La recourante est âgée de 55 ans, période difficile pour chercher un nouvel emploi. Elle était au service de l’État depuis 1998 et semble avoir toujours travaillé à temps partiel. Elle n’avait jamais fait l’objet d’une sanction disciplinaire. Les reproches qui lui avaient, à l’époque, été adressés n’ont pas été repris dans le cadre de la procédure de licenciement. Elle indique dans ses écritures avoir régulièrement proposé de reprendre une activité professionnelle.

En conséquence, en tenant compte de toutes les circonstances du cas d’espèce, la décision de résiliation des rapports de service de la recourante sera annulée et sa réintégration au sein de la fonction publique ordonnée. Il reviendra à l’État de Genève de lui trouver un nouveau poste, si elle ne devait pas être réintégrée dans son ancien poste de travail, voire d’entreprendre les démarches nécessaires, notamment auprès du SPE, s’il devait s’avérer qu’elle ne soit pas apte à travailler.

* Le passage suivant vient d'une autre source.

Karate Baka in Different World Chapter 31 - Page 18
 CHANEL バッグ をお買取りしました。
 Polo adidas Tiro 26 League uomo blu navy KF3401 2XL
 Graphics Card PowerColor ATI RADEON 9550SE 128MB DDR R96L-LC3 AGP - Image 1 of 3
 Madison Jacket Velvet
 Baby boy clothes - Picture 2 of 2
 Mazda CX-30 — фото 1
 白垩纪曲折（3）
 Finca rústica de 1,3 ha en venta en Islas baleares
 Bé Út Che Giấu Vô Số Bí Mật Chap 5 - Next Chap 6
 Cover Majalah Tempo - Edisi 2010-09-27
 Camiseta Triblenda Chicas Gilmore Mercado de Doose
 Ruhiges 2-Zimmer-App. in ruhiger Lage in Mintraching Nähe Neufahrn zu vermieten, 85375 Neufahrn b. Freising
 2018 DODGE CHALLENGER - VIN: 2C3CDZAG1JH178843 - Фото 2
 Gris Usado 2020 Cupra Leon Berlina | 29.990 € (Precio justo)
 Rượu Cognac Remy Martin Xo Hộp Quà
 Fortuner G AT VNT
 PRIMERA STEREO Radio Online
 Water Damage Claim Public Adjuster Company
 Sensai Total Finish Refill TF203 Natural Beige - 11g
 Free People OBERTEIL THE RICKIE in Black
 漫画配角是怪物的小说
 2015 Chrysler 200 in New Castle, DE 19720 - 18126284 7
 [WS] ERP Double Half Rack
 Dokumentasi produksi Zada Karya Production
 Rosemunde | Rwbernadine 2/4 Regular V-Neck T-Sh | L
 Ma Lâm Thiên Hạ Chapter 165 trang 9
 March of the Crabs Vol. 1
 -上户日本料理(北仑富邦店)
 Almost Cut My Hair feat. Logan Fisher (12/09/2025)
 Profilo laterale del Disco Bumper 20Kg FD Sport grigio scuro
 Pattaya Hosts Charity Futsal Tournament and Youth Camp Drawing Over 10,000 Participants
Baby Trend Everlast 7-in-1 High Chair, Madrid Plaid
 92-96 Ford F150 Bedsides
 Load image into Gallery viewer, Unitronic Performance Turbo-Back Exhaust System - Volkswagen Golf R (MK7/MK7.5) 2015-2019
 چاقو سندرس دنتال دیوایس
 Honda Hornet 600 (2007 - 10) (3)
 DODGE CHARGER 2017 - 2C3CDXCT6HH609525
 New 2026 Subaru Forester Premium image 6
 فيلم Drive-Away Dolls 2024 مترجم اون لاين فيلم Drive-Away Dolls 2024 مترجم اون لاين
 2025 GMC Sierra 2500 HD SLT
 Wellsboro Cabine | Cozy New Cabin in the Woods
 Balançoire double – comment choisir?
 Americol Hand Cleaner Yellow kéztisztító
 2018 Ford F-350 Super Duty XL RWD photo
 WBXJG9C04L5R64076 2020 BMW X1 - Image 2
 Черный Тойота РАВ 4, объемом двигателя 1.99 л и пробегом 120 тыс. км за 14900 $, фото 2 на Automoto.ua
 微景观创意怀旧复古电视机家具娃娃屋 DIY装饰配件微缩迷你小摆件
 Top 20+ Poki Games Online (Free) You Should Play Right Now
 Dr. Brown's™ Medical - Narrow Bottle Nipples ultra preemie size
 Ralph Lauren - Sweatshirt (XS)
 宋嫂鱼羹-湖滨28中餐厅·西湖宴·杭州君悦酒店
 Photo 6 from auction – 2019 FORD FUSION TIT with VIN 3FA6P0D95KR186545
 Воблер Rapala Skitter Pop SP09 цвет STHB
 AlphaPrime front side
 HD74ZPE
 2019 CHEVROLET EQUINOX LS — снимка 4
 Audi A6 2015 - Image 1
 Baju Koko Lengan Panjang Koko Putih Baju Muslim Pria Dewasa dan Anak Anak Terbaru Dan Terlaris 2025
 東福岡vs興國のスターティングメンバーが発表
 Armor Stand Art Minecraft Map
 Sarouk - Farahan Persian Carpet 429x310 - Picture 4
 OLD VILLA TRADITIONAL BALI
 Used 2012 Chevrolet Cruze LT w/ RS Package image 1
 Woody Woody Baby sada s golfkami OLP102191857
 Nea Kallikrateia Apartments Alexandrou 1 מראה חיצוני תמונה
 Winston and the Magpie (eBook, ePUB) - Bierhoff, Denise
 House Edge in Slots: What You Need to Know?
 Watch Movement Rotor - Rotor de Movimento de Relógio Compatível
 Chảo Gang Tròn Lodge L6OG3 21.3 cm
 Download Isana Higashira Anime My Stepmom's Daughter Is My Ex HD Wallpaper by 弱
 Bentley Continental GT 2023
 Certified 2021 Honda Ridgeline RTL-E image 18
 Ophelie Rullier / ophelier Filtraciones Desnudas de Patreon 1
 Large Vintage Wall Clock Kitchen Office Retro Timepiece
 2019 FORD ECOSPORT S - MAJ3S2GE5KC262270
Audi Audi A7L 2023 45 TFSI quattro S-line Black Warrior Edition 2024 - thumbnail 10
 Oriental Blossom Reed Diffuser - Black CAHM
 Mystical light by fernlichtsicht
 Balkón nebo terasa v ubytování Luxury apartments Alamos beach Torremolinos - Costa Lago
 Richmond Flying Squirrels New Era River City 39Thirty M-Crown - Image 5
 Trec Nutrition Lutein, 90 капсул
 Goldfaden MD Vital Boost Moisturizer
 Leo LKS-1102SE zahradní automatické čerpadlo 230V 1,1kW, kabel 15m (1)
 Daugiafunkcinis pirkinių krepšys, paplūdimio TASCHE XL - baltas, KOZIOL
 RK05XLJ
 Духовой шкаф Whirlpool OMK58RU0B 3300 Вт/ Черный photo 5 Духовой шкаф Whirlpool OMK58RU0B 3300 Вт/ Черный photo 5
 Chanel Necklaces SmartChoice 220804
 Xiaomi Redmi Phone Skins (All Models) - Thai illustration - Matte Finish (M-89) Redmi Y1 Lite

12) Les conclusions de la recourante en paiement du rétroactif du traitement sont exorbitantes au litige, celui-ci étant circonscrit au prononcé, le 14 septembre 2017, du licenciement de la recourante. Elles ne sont en conséquence pas recevables.

13) Vu l’issue du litige, aucun émolument ne sera perçu. Une indemnité de procédure de CHF 1’500.- sera allouée à la recourante, à la charge de l’État de Genève (art. 87 al. 2 LPA).

 

* * * * *

 

PAR CES MOTIFS
LA CHAMBRE ADMINISTRATIVE

admet partiellement, en tant qu’il est recevable, le recours interjeté le 19 octobre 2017 par Madame  A_____ contre la décision du département de l’instruction publique, de la formation et de la jeunesse du 14 septembre 2017 ;

annule la décision du département de l’instruction publique, de la formation et de la jeunesse du 14 septembre 2017 ;

ordonne la réintégration de Madame A_____ au sein de l’administration cantonale au sens des considérants ;

dit qu’aucun émolument n’est perçu ;

alloue à Madame A_____ une indemnité de procédure de CHF 1’500.- à la charge de l’État de Genève ;

dit que, conformément aux art. 82 ss de la loi fédérale sur le Tribunal fédéral du 17 juin 2005 (LTF - RS 173.110), le présent arrêt peut être porté dans les trente jours qui suivent sa notification par-devant le Tribunal fédéral ;

- par la voie du recours en matière de droit public, s’il porte sur les rapports de travail entre les parties et que la valeur litigieuse n’est pas inférieure à CHF 15'000.- ;

- par la voie du recours en matière de droit public, si la valeur litigieuse est inférieure à CHF 15'000.- et que la contestation porte sur une question juridique de principe ;

- par la voie du recours constitutionnel subsidiaire, aux conditions posées par les art. 113 ss LTF, si la valeur litigieuse est inférieure à CHF 15'000.- ;

le mémoire de recours doit indiquer les conclusions, motifs et moyens de preuve et porter la signature du recourant ou de son mandataire ; il doit être adressé au Tribunal fédéral, Schweizerhofquai 6, 6004 Lucerne, par voie postale ou par voie électronique aux conditions de l’art. 42 LTF. Le présent arrêt et les pièces en possession du recourant, invoquées comme moyens de preuve, doivent être joints à l’envoi ;

communique le présent arrêt à Me Emilie Conti Morel, avocate de la recourante ainsi qu'au département de l'instruction publique, de la formation et de la jeunesse.

Siégeant : Mme Payot Zen-Ruffinen, présidente, M. Thélin, Mme Cramer, MM. Pagan et Verniory, juges.

Au nom de la chambre administrative :

la greffière-juriste :

 

 

S. Hüsler Enz

 

 

la présidente siégeant :

 

 

F. Payot Zen-Ruffinen

 

 

Copie conforme de cet arrêt a été communiquée aux parties.